Seven Steps to XML Mastery, Step 4: Parsing and Processing XML (Part 2 of 2)
Working with SAX Filters
In part 1 of step 4, we looked at SAX and DOM parsers and found that SAX provided a simple way to extract data from streaming XML without incurring the high memory cost of building a DOM tree in memory. Another dimension of SAX is its ability to link handlers to create SAX filter chains. SAX filters are modeled after the pipe-and-filter architecture that allows apps to be built around filters that can exist without knowledge of other filters in a pipeline. In a filter-based application, the final behavior of a system depends on the composition and arrangement of the filters.
Filters are related to the UNIX concept of pipes, which give programmers the ability to string together a number of processes for a specific output. Originally developed by Doug McIlroy at Bell Labs, filters were made popular by Ken Thompson and Dennis Ritchie, who built pipes and filters into the UNIX operating system. Basically, a filter transforms (filters) the data it receives via the pipes (the connectors that pass data from one filter to the next).
SAX filters specialize the pipe-and-filter architecture with SAX handlers strung together to perform multiple tasks on incoming XML. SAX filters help keep things flexible by supporting the mixing-and-matching of different filters. This concept of filters fits well with the trend toward the component assembly of complex applications.

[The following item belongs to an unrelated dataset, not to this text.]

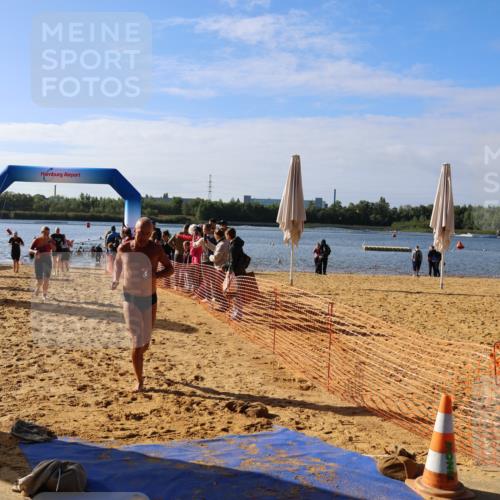 06.09.2026 - 20. Norderstedt Triathlon Andreas Tolksdorf http://msf.ph/oto/10154544 06.09.2026 10:05:53 Schwimmen 1195, 1197, 1215, 1223, 1231, 1491, 1511 meine-sportfotos.de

Linked SAX filters can do the following:
- Take independent action based on the incoming XML
- Postprocess SAX events and pass new events to the next filter in the chain
Figure 1 illustrates how SAX filters can be used to build complex XML applications—provided that you can break the application into a collection of simple SAX components, where each filter handles events passed to it from the previous filter in the chain.
A SAX filter sits between the client application and the actual parser. Because it’s positioned in the middle, the filter can change the event stream. For example, elements and attributes can be changed—not just their values, but their names. SAX filters can also add namespaces to elements, add elements and attributes not present in the original XML, and do logging work (for example, logging all data passing through to a database).
Figure 1 SAX filters can be used to build a pipe-and-filter architecture.